Cannabis
Cannabis © corbis

Serge, des résultats préliminaires de l’enquête sur la santé et les consommations réalisée lors de l’appel de préparation à la défense ont été rendus publics, et ont attiré votre attention pour ce qui concerne l’expérimentation et l’usage du cannabis en France… ?

En effet Guillaume, car ces chiffres sont alarmants : l’expérimentation du cannabis a connu chez les jeunes en 2014 une nouvelle progression après dix années de recul, et il s’agit d’une hausse particulièrement importante, de plus de six points. Tout augmente, la consommation ponctuelle comme l’usage régulier. Cela signifie donc pour le moins clairement que les messages de mise en garde diffusés dans les médias autour du risque de développement de maladies mentales ou d’accidents de la route n’ont pas d’influence sur les pratiques des jeunes gens.

C’est un échec du plan contre les conduites addictives annoncé fin 2013 par le gouvernement, mais surtout d’une politique portée par la France depuis plusieurs années qui privilégie une réponse binaire, pénalisation et soin, alors que la majorité des jeunes concernés ne sont ni des délinquants, ni des malades ! En se posant uniquement la question de la maladie, et non pas celle de l’usage, on passe à côté de la majeure partie des consommateurs….

Selon vous, les jeunes ne se sentent pas concernés par les dangers du cannabis ?

Si bien sûr, un petit peu, tout comme des dangers de l’alcool ou du tabac, ce qui les empêche assez peu de boire, ou de fumer.
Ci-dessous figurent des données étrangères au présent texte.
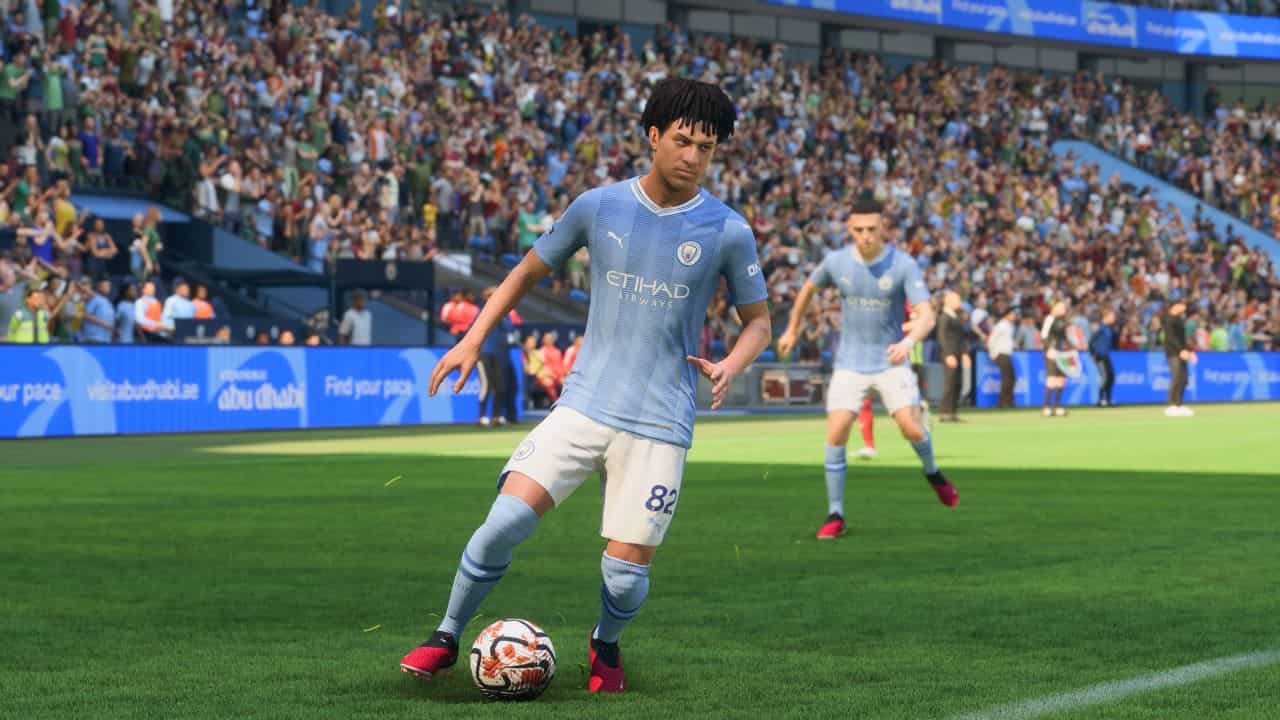FC 24 Wonderkid RB – Top 10 right back teenagers with the highest potential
Le problème est que autant à un moment les risques du cannabis ont été banalisés, autant ces dernières années dans les médias et du côté des pouvoirs publics, il n’a été question que des dangers. Or être menacé de prison ou de schizophrénie, ça ne marche pas dans la mesure où l’énorme majorité des jeunes qui fument ne deviennent pas schizophrènes et ne finissent pas en prison.

Si la prévention se résume à une intervention annuelle faite par un monsieur qui vient dans une classe avec une mallette en déclarant : « le cannabis, c’est interdit parce que c’est dangereux, et c’est dangereux parce que c’est interdit », cela ne suffit pas !

Il faut aller davantage vers pourquoi les jeunes fument, à quoi ça leur sert, pour approcher plus finement les modes d’usage, les significations diverses des consommations sans les diaboliser systématiquement

Et quelles pourraient être les initiatives et les dispositifs qui pourraient se mettre en place ?

Et bien il y a des dispositifs qui ont fait leur preuve à l’étranger comme le SFP, une méthode d’intervention auprès des familles, déployé dans 22 pays, qui renforce leur compétence sur ces questions. Ou des dispositifs d’intervention précoce qui visent à entrer le plus tôt possible en contact avec les consommateurs, avant qu’ils en soient arrivés à consulter un spécialiste.

Et surtout reconsidérer la fameuse loi de 1970 sur les stupéfiants qui a fait la preuve de son inefficacité. Une réflexion que refusent d’engager les responsables politiques de droite comme de gauche.

Soyons clair : le cannabis est un fléau chez de nombreux jeunes dont il transforme le cerveau en éponge, et tout le monde souhaite endiguer l'explosion de la consommation chez les adolescents en pleine construction psychique. Mais il faut aussi prendre conscience que l’interdiction et la répression n’ont que peu d’impact sur le niveau de consommation. Il y a moins de jeunes fumeurs de joints en Hollande où la consommation personnelle est tolérée, qu'en France où elle est sanctionnée. Seules les véritables politiques d’information et de prévention ont un impact sur les consommations. Le nombre de consommateurs réguliers de cannabis baissait sensiblement entre 2002 et 2007 lorsque la MILDT menait de telles campagnes. En 2011, avec l’apologie du tout répressif, le taux de consommation a sensiblement remonté. Ce ne sont pas l’interdiction et la prohibition qui font baiser l’usage, mais plutôt une meilleure prise en compte des modes de consommation, bref, un dispositif social et sanitaire plus qu’un dispositif répressif inefficace.